EXERCISE REQUIREMENTS - Return all of the data exactly, omitting any images.

GIVEN INFORMATION -
BEGIN

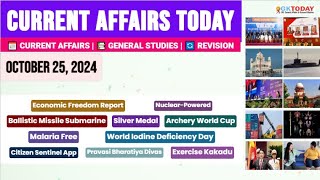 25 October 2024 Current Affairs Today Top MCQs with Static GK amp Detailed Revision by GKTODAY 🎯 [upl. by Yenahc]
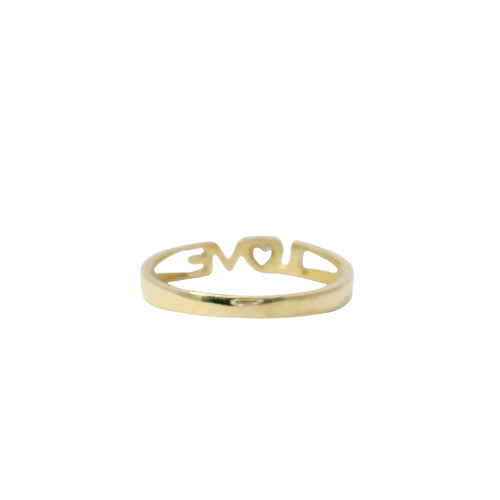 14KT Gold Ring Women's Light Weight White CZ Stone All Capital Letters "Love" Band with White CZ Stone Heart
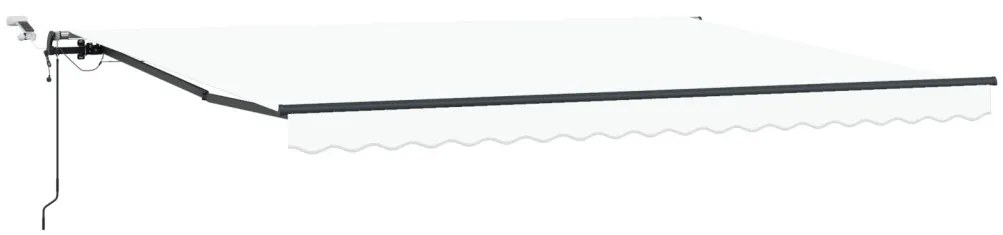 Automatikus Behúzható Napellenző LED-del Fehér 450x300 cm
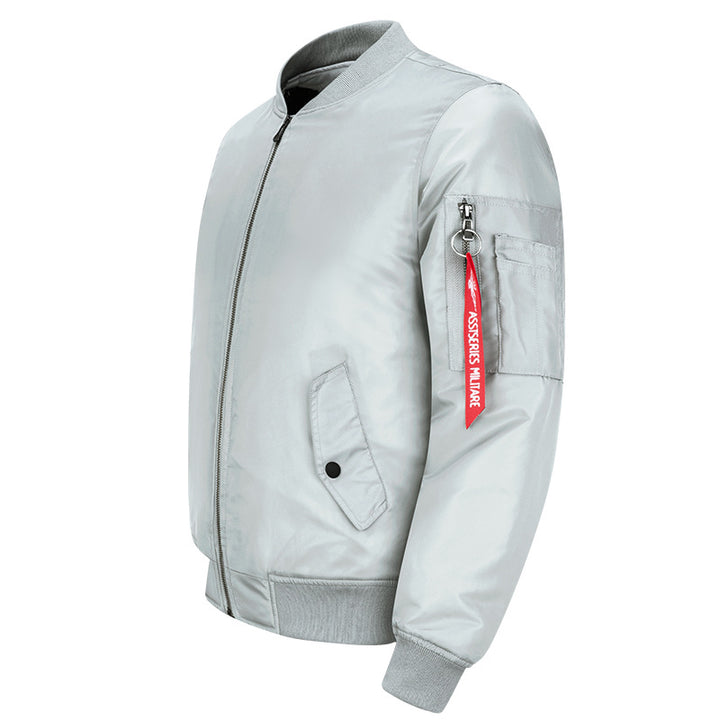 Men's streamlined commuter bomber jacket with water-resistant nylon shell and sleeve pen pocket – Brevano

END

ANSWER BELOW -
 25 October 2024 Current Affairs Today Top MCQs with Static GK amp Detailed Revision by GKTODAY 🎯 [upl. by Yenahc]
 14KT Gold Ring Women's Light Weight White CZ Stone All Capital Letters "Love" Band with White CZ Stone Heart
 Automatikus Behúzható Napellenző LED-del Fehér 450x300 cm
 Men's streamlined commuter bomber jacket with water-resistant nylon shell and sleeve pen pocket – Brevano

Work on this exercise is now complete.